Für den Fortschritt verteidigen

Für den Fortschritt verteidigen

Aufgewachsen in Marianao, einer Stadt neben Havanna, erinnert sich der Autor an die Aufregung und Freude der Menschen in der Nachbarschaft, als die Seiten- und Hinterstraßen der Stadt gepflastert wurden und die Straße, die Marianao mit Havanna verband, verbreitert wurde. Sogar seine polnisch-jüdischen Einwanderereltern, die nur wenige Jahre zuvor entdeckt hatten, dass ihre gesamten Familien im Holocaust ausgelöscht wurden, nahmen an diesem hoffnungsvollen Gefühl des materiellen Fortschritts teil. Diese Erfahrung und andere ähnliche erklären, wie der materielle Fortschritt Teil der “Domäne-Annahmen” des Autors wurde – grundlegende Neigungen und Ideen über Politik und die Welt, die eine Person formen.

Seine Überzeugung von der Bedeutung des materiellen Fortschritts wurde weiter verstärkt, als er in den frühen sechziger Jahren die University of Chicago besuchte. Trotz der Tatsache, dass sein Blick für materiellen Fortschritt damals nicht universell von der breiten amerikanischen politischen Linken geteilt wurde, war er beeindruckt von den zunehmenden Zahlen von linksgerichteten Akademikern und Intellektuellen, die begannen, den Begriff und die Wünschbarkeit des Fortschritts in Frage zu stellen.

Prominent unter diesen Strömungen war die Frankfurter Schule, ein Teil des intellektuell-politischen Phänomens des von Perry Anderson genannten “Westlichen Marxismus” – eine vielfältige Gruppierung von Gelehrten, zu der Personen wie Walter Benjamin, Lucio Colletti, Lucien Goldmann und Karl Korsch gehörten.
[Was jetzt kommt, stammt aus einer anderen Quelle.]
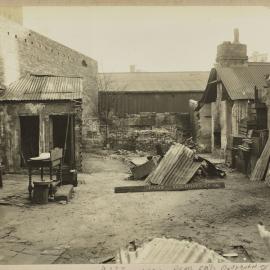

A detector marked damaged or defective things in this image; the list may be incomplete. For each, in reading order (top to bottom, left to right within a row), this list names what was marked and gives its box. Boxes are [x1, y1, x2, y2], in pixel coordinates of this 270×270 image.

rusty iron sheeting [0, 74, 82, 101]
rusty iron sheeting [98, 71, 209, 92]
rusty iron sheeting [146, 143, 200, 186]
rusty iron sheeting [251, 136, 270, 180]
rusty iron sheeting [117, 238, 229, 264]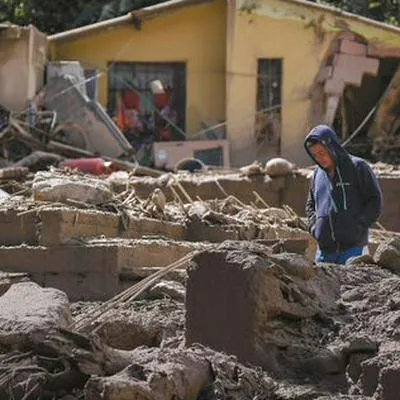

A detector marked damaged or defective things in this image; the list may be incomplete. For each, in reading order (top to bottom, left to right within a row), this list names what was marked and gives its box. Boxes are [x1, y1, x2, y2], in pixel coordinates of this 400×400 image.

broken window [107, 61, 187, 145]
damaged house [44, 0, 400, 166]
broken window [256, 58, 282, 158]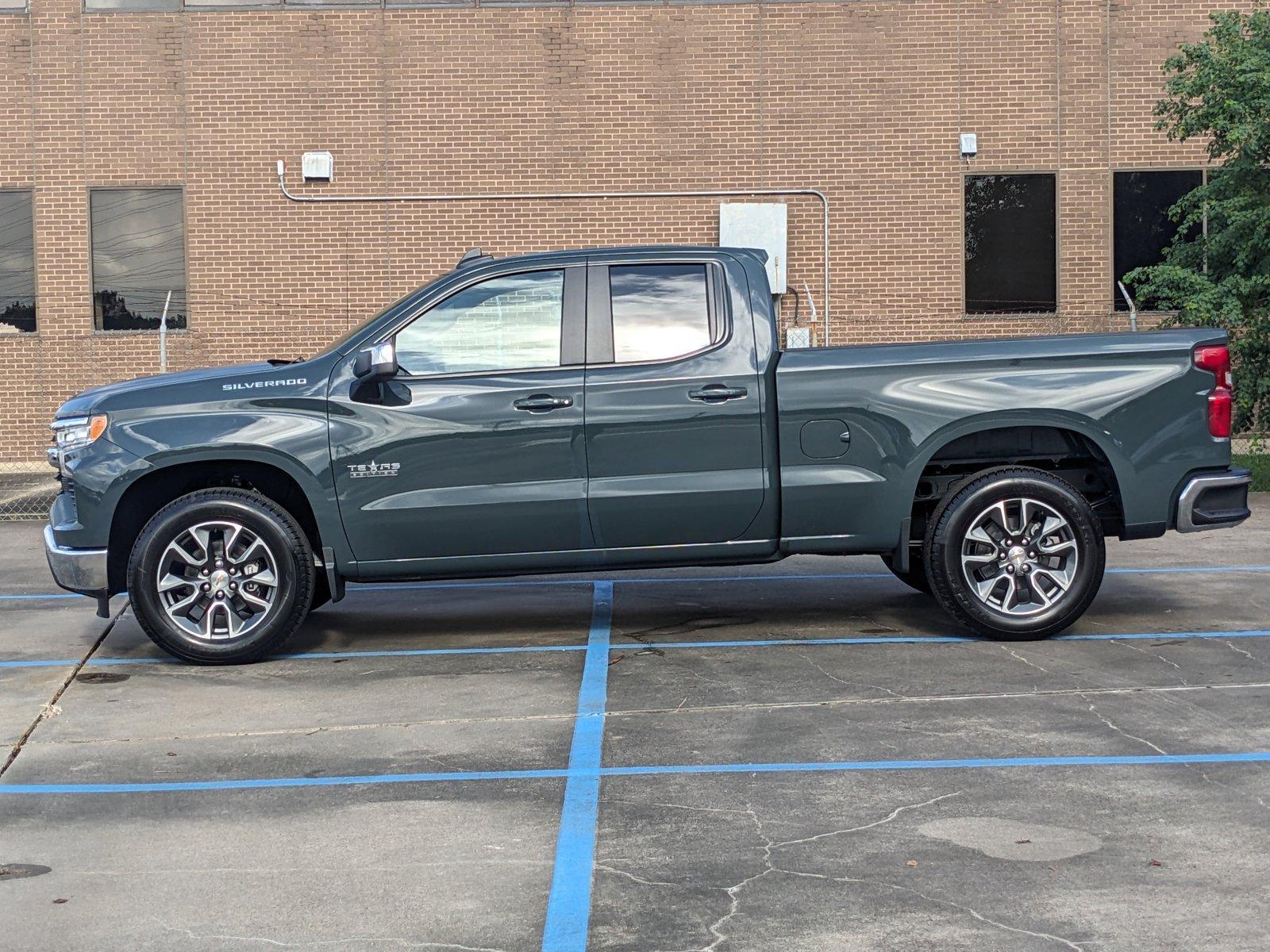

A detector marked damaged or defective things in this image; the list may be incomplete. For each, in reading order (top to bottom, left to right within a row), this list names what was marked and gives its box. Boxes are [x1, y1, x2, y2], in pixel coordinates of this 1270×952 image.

parking lot crack [768, 787, 965, 850]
Trotz ihrer unterschiedlichen Perspektiven hatten all diese Denker eines gemeinsam: ihre Reaktion auf die Niederlage des klassischen Marxismus durch Faschismus, Stalinismus und Sozialdemokratie und ihre Tendenz, sich von Politik und Wirtschaft abzuwenden und sich mit philosophischen Fragen zu beschäftigen, die normalerweise einen idealistischen Bezug haben.
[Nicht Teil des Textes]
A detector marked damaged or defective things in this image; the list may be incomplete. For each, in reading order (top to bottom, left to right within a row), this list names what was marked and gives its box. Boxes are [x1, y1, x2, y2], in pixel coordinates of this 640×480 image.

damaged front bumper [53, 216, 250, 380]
Der Westliche Marxist Walter Benjamin ist vielleicht der einflussreichste in dieser Gruppe, nicht nur wegen seines tiefen Pessimismus, der viele zeitgenössische linksgerichtete Denker berührt hat, die durch endlose imperialistische Kriege, neoliberale Hegemonie und eine wiedererstarkende Rechte desillusioniert und schockiert waren. Benjamin präsentiert auch die überzeugendste und radikalste Kritik des Fortschritts. Benjamin kritisierte nicht nur das sozialdemokratische Konzept des Fortschritts, sondern verneinte ganz die Möglichkeit des Fortschritts, wie er es verstand. Er argumentierte, dass der Fortschritt traditionell als ein gradueller, unaufhaltsamer, unbegrenzter und automatischer Prozess angesehen wird, der in einer linearen (oder spiraligen) Weise kontinuierlich aufsteigt. Aber diese Annahmen, so argumentierte er, hielten der Realität nicht stand – basierend auf seinen eigenen Erfahrungen im Deutschland der 1930er Jahre – und glichen den allgemeinen Fortschritt der “Menschheit” fälschlicherweise und dogmatisch mit dem Wachstum menschlicher Fähigkeit und Wissen gleich.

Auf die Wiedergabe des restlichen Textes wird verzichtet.